Architecturally speaking, the three most common buildings in Russia are
1) a pale yellow Greek Revival number with columns and pediments 2) a ten story apartment building that's seen better days, and 3) a single-story hand-hewn wooden country house with blue and white decorative shutters and lace curtains.
All the cities we visited had their own vibe, but every city had some of the above.
In the infrastructure category, our runaway favorite was the above-ground utility pipe. We saw mile after mile of insulated pipe running alongside major roads or snaking through residential neighborhoods. We couldn't tell if the pipe carried gas, water, heat or what. Since everything in the States is buried except telephone wires, to our eyes it was wonderfully strange. Our soundman John would announce new sightings on the bus: "Got some good pipe over here!"

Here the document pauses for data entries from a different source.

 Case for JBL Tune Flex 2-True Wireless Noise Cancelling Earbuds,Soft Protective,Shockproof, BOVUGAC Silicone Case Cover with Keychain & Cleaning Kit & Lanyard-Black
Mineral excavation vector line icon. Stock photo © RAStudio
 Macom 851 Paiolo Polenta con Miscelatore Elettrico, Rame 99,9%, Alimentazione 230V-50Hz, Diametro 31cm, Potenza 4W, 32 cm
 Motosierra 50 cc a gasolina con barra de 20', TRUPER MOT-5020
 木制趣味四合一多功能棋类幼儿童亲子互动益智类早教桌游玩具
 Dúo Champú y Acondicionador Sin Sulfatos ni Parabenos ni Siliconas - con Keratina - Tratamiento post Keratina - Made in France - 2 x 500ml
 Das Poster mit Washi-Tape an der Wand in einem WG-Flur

Did I mention pretty girls? Speaking entirely from an objective sociological perspective, we were impressed: doll-like faces, insane knee-high boots, appropriate diet. It's easy to imagine God forging an agreement with Russia's ancient tribal leaders.

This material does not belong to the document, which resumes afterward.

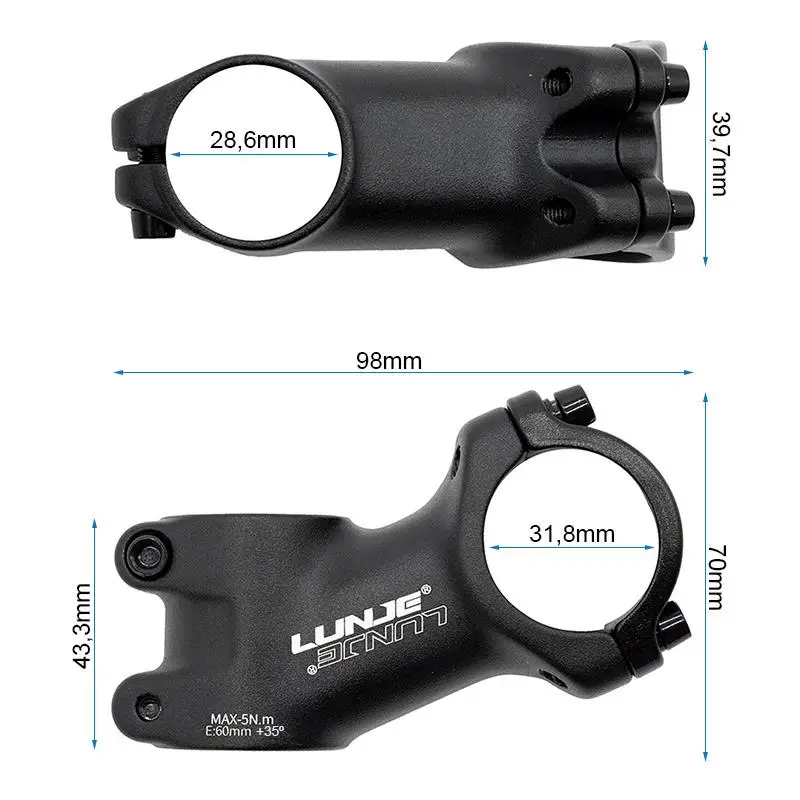Tijă pentru ghidon de 31,8 mm EWPM-004 cu ridicare de 35 de grade - imagine 3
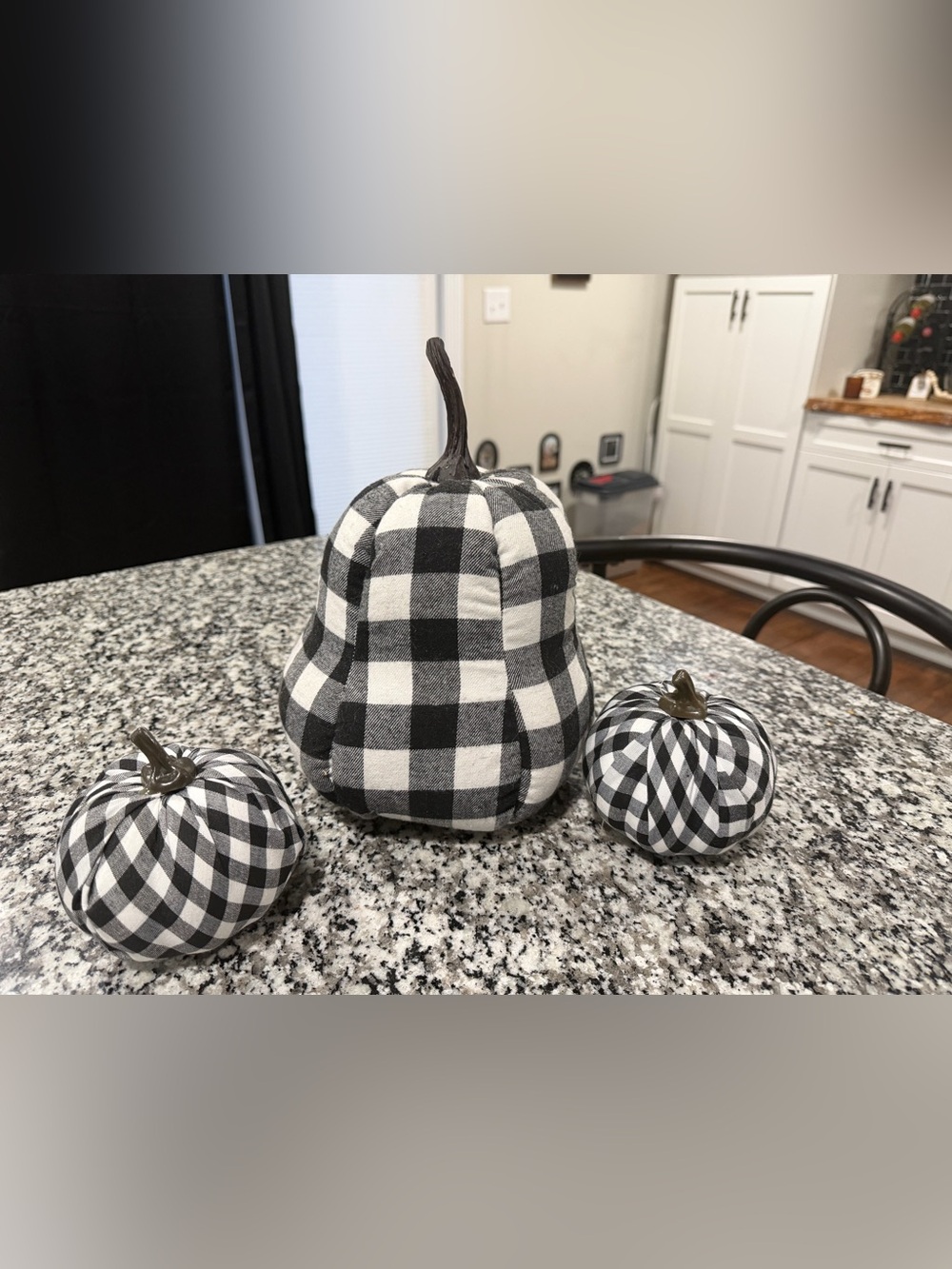Black & White Buffalo Plaid Fabric Pumpkins - Set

GOD: Things are gonna be rough, guys. It's gonna be cold and your history will be filled with tragedy and sadness- but no matter what -- you'll have beautiful wom…
RUSSIANS: We'll take it!
Landscaping hasn't really caught on in Russia just yet. There's some evidence of it, but not much. Kazan was a particularly tidy place. The streets were clean and neat and reminiscent of what we're used to in the West. Moscow and Yekaterinburg also had some handsome areas. But for the most part, there's a bit of the village in a typical Russian city. And the villages have mud streets. It'll be a while before Samara's mistaken for Amsterdam.
If exploring a new country is akin to meeting a new girlfriend, Russia's that girl you'd like to love -- but there are some obvious problems. For instance:
The hotel in Moscow was nice…but we couldn't get room keys until reception ran our passports through a police check. It took two-and-a-half hours to determine we weren't terrorists or prostitutes. If there hadn't been a bar in the lobby, surely Mik and Lou would've perished.
We traveled on a pretty nice bus…but the roads in Russia are worse than the worst you've ever seen.
Our hosts worked really hard to please us…but getting straight answers on any subject-such as flight times and availability--seemed next to impossible. We'd make plans to catch a 10am flight only to be told the next day that all the flights were full and they didn't leave until 4pm anyway. Huh?
On the positive side, we consistently ate good food. I don't eat meat but I had some of the most incredible salmon I've ever had as well as some seriously great vegetable soup. Hot and tasty.